Making sense of charbonnier loss

(Tuatini GODARD) #1

I’m trying to make sense of a simple equation from this paper:

What I don’t understand is $p(x)=\sqrt{x^2 + \epsilon^2}$. How am I supposed to find $\epsilon$ (the error term I guess?) if p only takes x as input? Thanks

(Alan O'Donnell) #2

Just guessing not having read the paper, epsilon is probably a “small” hyperparameter to make sure the Charbonnier penalty is always non-zero (not sure why they want to ensure that, but that’s what it would do).
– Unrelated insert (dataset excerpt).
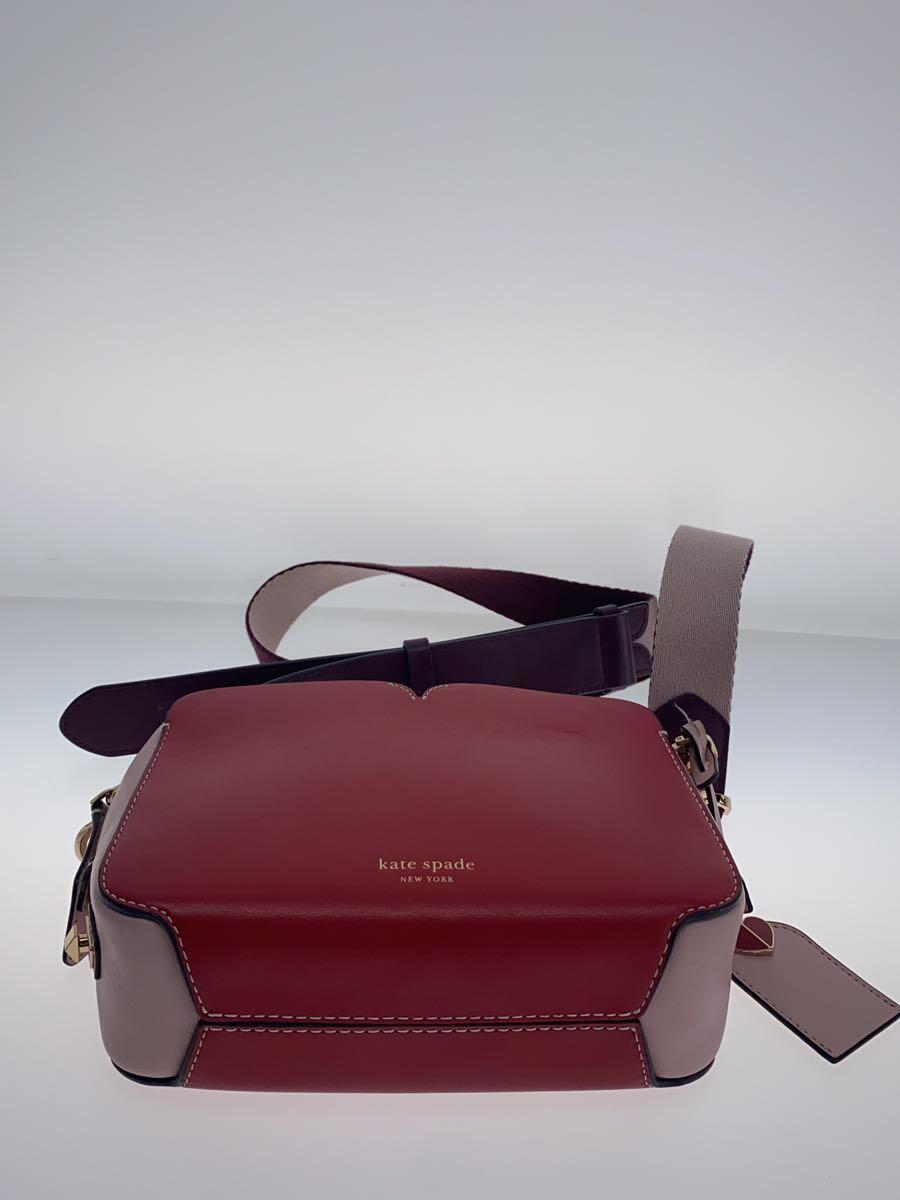 item_image_4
You see that trick a lot to e.g. avoid dividing by zero.

(Tuatini GODARD) #3

Thanks a lot, that make sense indeed

(Tuatini GODARD) #4

Here is another response from stackexchange.

(Matthijs) #5

I have no idea what this is about but I got curious. It’s unlikely that epsilon is used here just to make the penalty non-zero since you wouldn’t square it in that case.
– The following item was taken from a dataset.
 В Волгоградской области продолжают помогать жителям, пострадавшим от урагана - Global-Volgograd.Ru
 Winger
The paper you linked to refers to “A More General Robust Loss Function” by Barron, which explains a bit more about this penalty function. Apparently it’s also known as the Pseudo-Huber loss, which has a Wikipedia page: https://en.wikipedia.org/wiki/Huber_loss

Anyway, the Barron paper refers to “Secrets of Optical Flow Estimation and Their Principles” by Sun et al. which refers to “Lucas/Kanade Meets Horn/Schunck: Combining Local and Global Optic Flow Methods” by Bruhn et al. which finally refers to “Two deterministic half-quadratic regularization algorithms for computed imaging” by Charbonnier and friends.

But I didn’t read all that because it had too much math. However, it seems that the Charbonnier loss is a mix between the L1 and L2 loss, depending on how you choose epsilon (usually called delta when talking about the Pseudo-Huber loss). If the error (x) is larger than epsilon, it acts like L1 regularization. If the error (x) is smaller than epsilon, it acts more like an L2 loss.

As your original paper says, they compared the Charbonnier penalty to both L1 and L2 regularization and found that it worked better. So epsilon is just another hyperparameter that you choose, just like how you’d choose your L1 or L2 (weight decay) hyperparameters. In the paper they chose epsilon=10^-8 (see section 4.1).

(Manu) #6

This is an L-1 norm penalty function p(x) = |x| which is not differentiable. So, epsilon is added as a small constant to make it differentiable.